When Judge George A. O’Toole Jr., who is presiding over the trial, calls the lawyers for a sidebar, he wants to prevent the jury and reporters from overhearing their discussions. So an attendant flips on the sound system.
Suddenly Courtroom Nine fills with the arabesques of Art Tatum, the great jazz pianist. His fingers fly up and down the keyboard. One day he might be playing “Body and Soul,” the next, “Love For Sale.” Lately, “Have You Met Ms. Jones?” has become part of the repertoire.
Initially the music was jarring. But it is wonderfully soulful, so graceful and light that it has a way of diverting the mind and even lifting the spirits.
Judge O’Toole selects the music himself, said a courthouse denizen, who wished to remain anonymous. The judge, a laconic and no-nonsense jurist, is a jazz fan, it turns out. And he plays the trumpet.

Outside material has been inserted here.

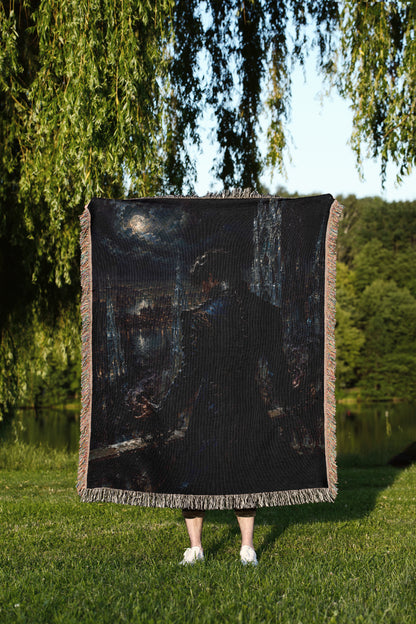 A person stands in a grassy field, holding a large square blanket with a painting of a person on it.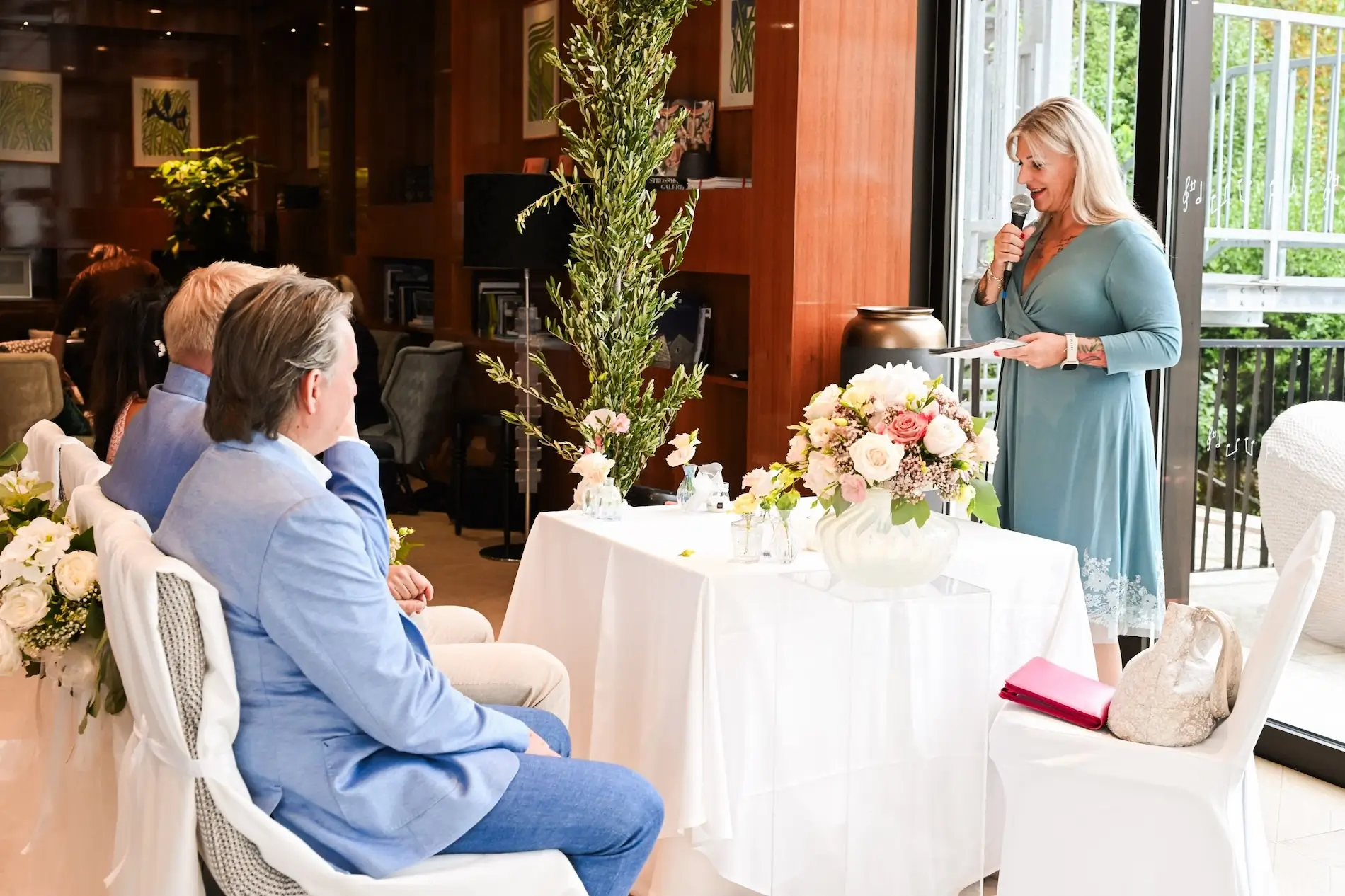 Heike Schönbacher in hellem Raum mit Handmikrofon hinter Tisch und Blumenstrauß bei der freien Trauung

He was appointed to the bench 20 years ago by a saxophone-playing president, Bill Clinton.
Mr. Tatum, who was nearly blind and largely self-taught, died in 1956 at age 47. He is one of Judge O’Toole’s personal favorites. But that is not the only reason he airs Tatum tunes in the courtroom.
“He felt jazz was the appropriate music, as an original American music style, to be played in an American courtroom,” the court denizen said.
Courtroom Nine is one of five, out of 27, in the John Joseph Moakley United States Courthouse that has the technology to play music; the other 22 still can play only white noise. But that is changing. As the systems are upgraded, the others will be gradually able to play music, too, raising the possibility that someday one may hear a cacophony of sounds and styles as each judge spins his own favorite discs.